◆ **Requirement**:
Beginning with the line that contains "POCO SMARTPHONE POCO", print each line to the end of the data exactly. Omit the pictures.

───── Stored data

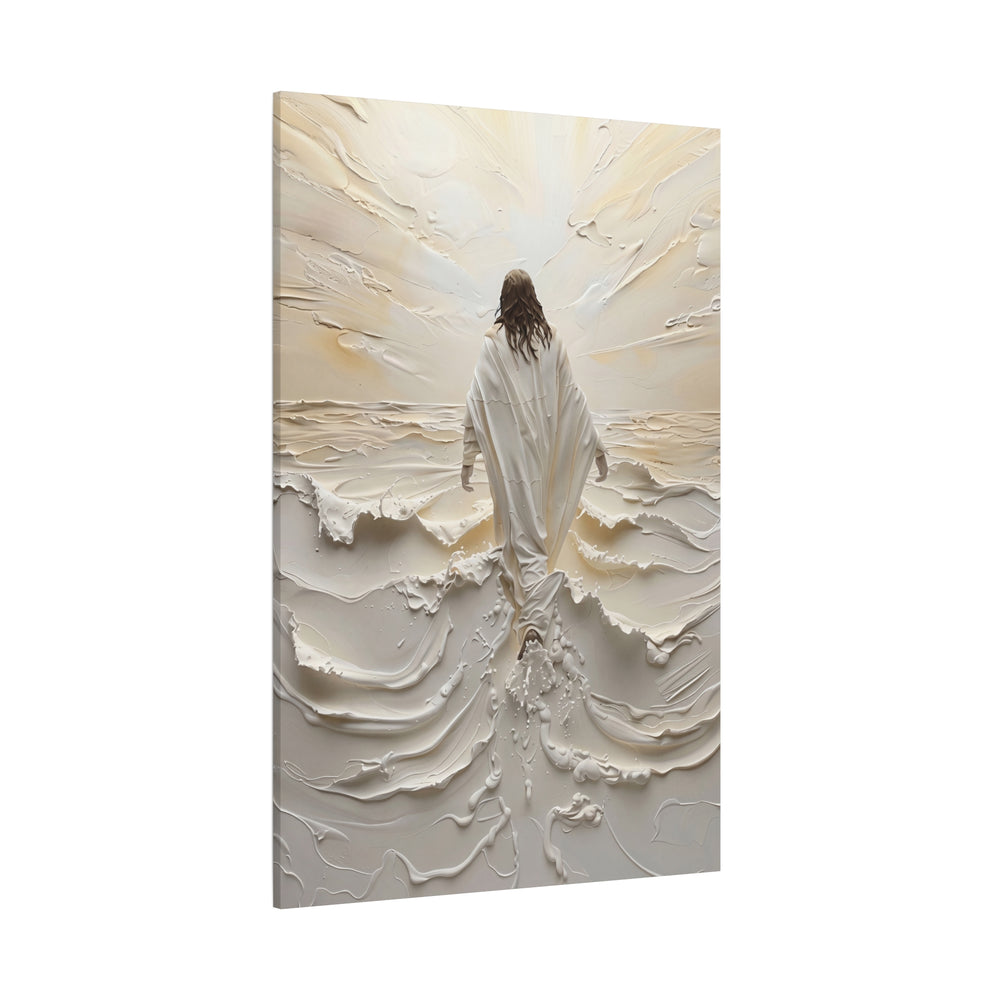 Christ Upon the Waves – Canvas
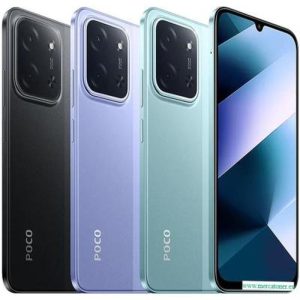 POCO SMARTPHONE POCO C85 6GB 128GB VIOLETA OC/6GB/128GB/6,9/ANDROID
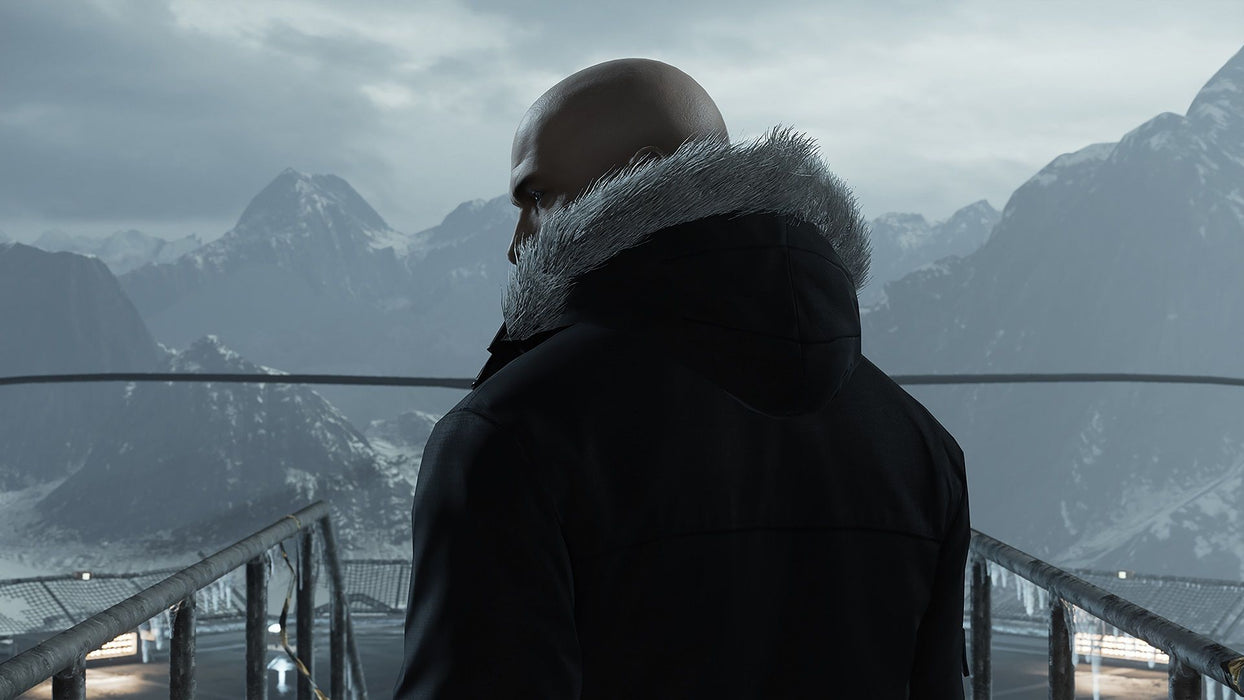 HITMAN WORLD OF ASSASSINATION PLAYSTATION 5 PS5 game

──────────

◆ **Problem solution**:
 POCO SMARTPHONE POCO C85 6GB 128GB VIOLETA OC/6GB/128GB/6,9/ANDROID
 HITMAN WORLD OF ASSASSINATION PLAYSTATION 5 PS5 game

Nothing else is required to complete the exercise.